Note that we recognize that the masking strategy can introduce a shift in the distribution of pixel intensities. However, in our experiments, we observed that this potential shift did not impact the explanations. An experiment where the distribution is approximately preserved is included in “Appendix C”.

Masking distribution There are several ways to sample the masks in Eq. (2), for instance by letting each \(M_{ij}(n)\) be iid. Bernoulli. However, sampling masks with the same size as the input results in a massive sample space, and simultaneously makes it challenging to create smooth masks that cover different portions of the image.Footnote 2

To avoid these problems, we generate masks as suggested by Petsiuk et al. (2018). Binary masks of smaller size than the input image are generated, where each element of these smaller masks is sampled from a Bernoulli distribution with probability p. These masks are then upsampled using bilinear interpolation to the same size as the image. The distribution for \(M_{ij}\) is then a continuous distribution between 0 and 1. Specifically: we sample N binary masks, each with size \(h\times w\), where \(h<H\) and \(w<W\). We upsample these masks to size \((h+1)C_H \times (w+1)C_W\), where \(C_H\times C_W=\lfloor H/h\rfloor \times \lfloor W/w\rfloor \) is the size of the cell in the upsampled masks. Lastly, we crop the final masks of size \(H\times W\) randomly from the \((h+1)C_H \times (w+1)C_W\) masks.

Number of masks required In order to minimize the computational cost of RELAX, we derive the following lower bound on the number of masks required for a certain estimation error.

Theorem 3.1

Suppose \(s(\cdot , \cdot )\) is bounded in (0, 1).Footnote 3 Then, for any \(\delta \in (0, 1)\) and \(t > 0\), if N in Eq. (2), satisfies:

$$\begin{aligned} N \ge -\frac{\ln (\delta /2)}{2t^2}, \end{aligned}$$
(4)

we have \(\textrm{P}(|\bar{R}_{ij} - R_{ij}|\ge t)\le \delta \).

Theorem 3.1 states that if N satisfies Eq. (4), we are able to estimate \(R_{ij}\) to an absolute error of less than t with probability at least \(1-\delta \). See “Appendix E” for proof and verification of bound.

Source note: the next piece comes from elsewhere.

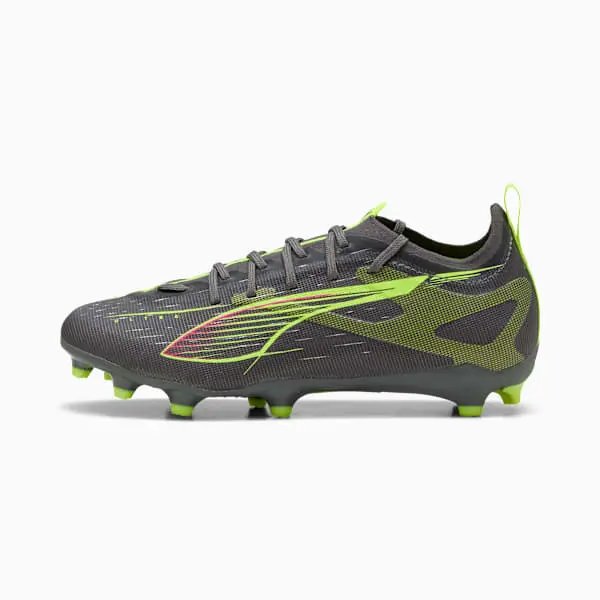 Puma Ultra 5 Pro Matte Aged Silver / Yellow Alert (GS) product photo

In all of our experiments, we generate 3000 masks, which ensures an estimation error below 0.01 with a probability of 0.99.

RELAX from a kernel perspective To provide insights into the geometrical properties of RELAX, we present a kernel viewpoint of Eq. (2).

Theorem 3.2

Suppose the similarity function \(s(\cdot , \cdot )\) is a valid Mercer kernel (Mercer, 1909). The importance \(\bar{R}_{ij}\) then acts as a linear scoring function between \(\textbf{h}\), and the weighted mean of \(\bar{\textbf{h}}_1, \dots , \bar{\textbf{h}}_N\) in the reproducing kernel Hilbert space (RKHS) induced by \(s(\cdot , \cdot )\). That is:

$$\begin{aligned} \bar{R}_{ij} = \langle \phi (\textbf{h}), \frac{1}{N}\sum _{n=1}^N\phi (\bar{\textbf{h}}_n) M_{ij}(n)\rangle _{\mathcal H}, \end{aligned}$$
(5)

where \(\phi : \mathbb R^d \rightarrow \mathcal H \) is the mapping to the RKHS, \(\mathcal H\), induced by the kernel \(s(\cdot , \cdot )\), and \(\langle \cdot , \cdot \rangle _{\mathcal H}\) is the inner product on \(\mathcal H\).

Theorem 3.2 provides interesting insight, as many scoring functions are based on inner-products, e.g. between points of interest and class-conditional means (e.g., Fisher discriminant analysis, Bayes classifier under Gaussian distributions with equal covariance structure). This means that even though RELAX is a novel approach, it is founded in well-known statistical concepts (McCullagh & Nelder, 1989).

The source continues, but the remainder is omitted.